Crowdfunding-Kampagnen aus unterschiedlichsten Motiven 

Ein Grund können etwa unterschiedliche Vorstellungen der Gründerteams und der Kapitalgeber hinsichtlich der unternehmerischen Ausrichtung sein. Bei Sonos Motors war dies der Fall. In Gesprächen mit herkömmlichen Investoren wurde dem Gründerteam um CEO Laurin Hahn schnell klar, dass sich die jeweiligen Vorstellungen grundlegend unterschieden. Während die institutionellen Investoren ein aggressives Wachstum und schnelle Gewinne anstrebten, steht für den jungen Münchner Elektromobilhersteller ein nachhaltiges Unternehmens- und Fahrzeugkonzept im Vordergrund. Die Gründer entschieden sich für einen anderen Weg – und das äußerst erfolgreich. 

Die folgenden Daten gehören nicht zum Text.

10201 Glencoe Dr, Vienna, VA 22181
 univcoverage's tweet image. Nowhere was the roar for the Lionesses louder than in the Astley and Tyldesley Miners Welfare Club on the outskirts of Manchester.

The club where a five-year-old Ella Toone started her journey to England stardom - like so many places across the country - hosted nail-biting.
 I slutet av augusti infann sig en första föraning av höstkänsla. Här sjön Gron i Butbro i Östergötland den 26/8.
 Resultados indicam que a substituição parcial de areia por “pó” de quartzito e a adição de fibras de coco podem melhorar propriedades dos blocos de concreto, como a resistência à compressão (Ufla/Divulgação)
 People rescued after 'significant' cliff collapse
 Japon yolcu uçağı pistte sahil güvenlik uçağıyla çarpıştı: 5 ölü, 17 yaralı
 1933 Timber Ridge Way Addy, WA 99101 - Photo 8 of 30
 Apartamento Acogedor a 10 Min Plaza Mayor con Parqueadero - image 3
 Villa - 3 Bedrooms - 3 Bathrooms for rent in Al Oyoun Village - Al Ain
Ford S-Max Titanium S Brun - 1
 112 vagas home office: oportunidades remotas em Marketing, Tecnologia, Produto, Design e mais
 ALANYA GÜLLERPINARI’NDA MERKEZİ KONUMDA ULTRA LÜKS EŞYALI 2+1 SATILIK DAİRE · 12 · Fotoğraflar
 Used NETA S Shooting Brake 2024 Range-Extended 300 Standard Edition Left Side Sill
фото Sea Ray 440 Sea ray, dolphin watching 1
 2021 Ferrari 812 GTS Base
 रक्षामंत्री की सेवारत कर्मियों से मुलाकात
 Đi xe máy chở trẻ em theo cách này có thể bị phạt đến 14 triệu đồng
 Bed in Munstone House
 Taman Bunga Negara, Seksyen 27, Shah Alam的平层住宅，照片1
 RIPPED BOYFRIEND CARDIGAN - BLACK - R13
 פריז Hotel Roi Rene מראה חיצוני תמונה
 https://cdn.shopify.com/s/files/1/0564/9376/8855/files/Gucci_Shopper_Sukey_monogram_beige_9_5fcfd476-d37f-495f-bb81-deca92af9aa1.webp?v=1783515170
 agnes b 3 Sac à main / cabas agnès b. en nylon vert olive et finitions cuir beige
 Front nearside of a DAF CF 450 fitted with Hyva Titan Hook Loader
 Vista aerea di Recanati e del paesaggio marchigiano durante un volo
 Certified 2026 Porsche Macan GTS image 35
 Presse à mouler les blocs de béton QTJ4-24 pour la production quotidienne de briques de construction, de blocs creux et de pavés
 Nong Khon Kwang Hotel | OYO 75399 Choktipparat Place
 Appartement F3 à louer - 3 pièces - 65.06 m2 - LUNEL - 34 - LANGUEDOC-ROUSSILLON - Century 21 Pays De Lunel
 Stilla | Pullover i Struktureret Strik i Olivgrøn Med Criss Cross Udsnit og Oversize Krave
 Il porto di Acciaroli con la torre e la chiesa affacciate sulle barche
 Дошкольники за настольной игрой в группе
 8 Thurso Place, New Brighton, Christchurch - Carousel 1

Über eine Crowdfunding-Kampagne sammelte Sono Motors innerhalb von 50 Tagen rund 53 Millionen Euro ein, einen Teil davon mit der White-Label-Software-Lösung von CrowdDesk. Es war die größte Kampagne dieser Art in Europa – und sicherte Sono Motors den Fortbestand ihrer Idee. Mit dieser Summe treibt das Start-up die Serienproduktion ihres Solarautos weiter voran. Für Laurin Hahn habe die erfolgreiche Kampagne erneut bewiesen, wie stark die Community ist. Dank der Unterstützung der Crowd sieht das Team von Sono Motors seine Vision bestätigt: Die Welt mit einer nachhaltigeren Mobilität besser zu machen. 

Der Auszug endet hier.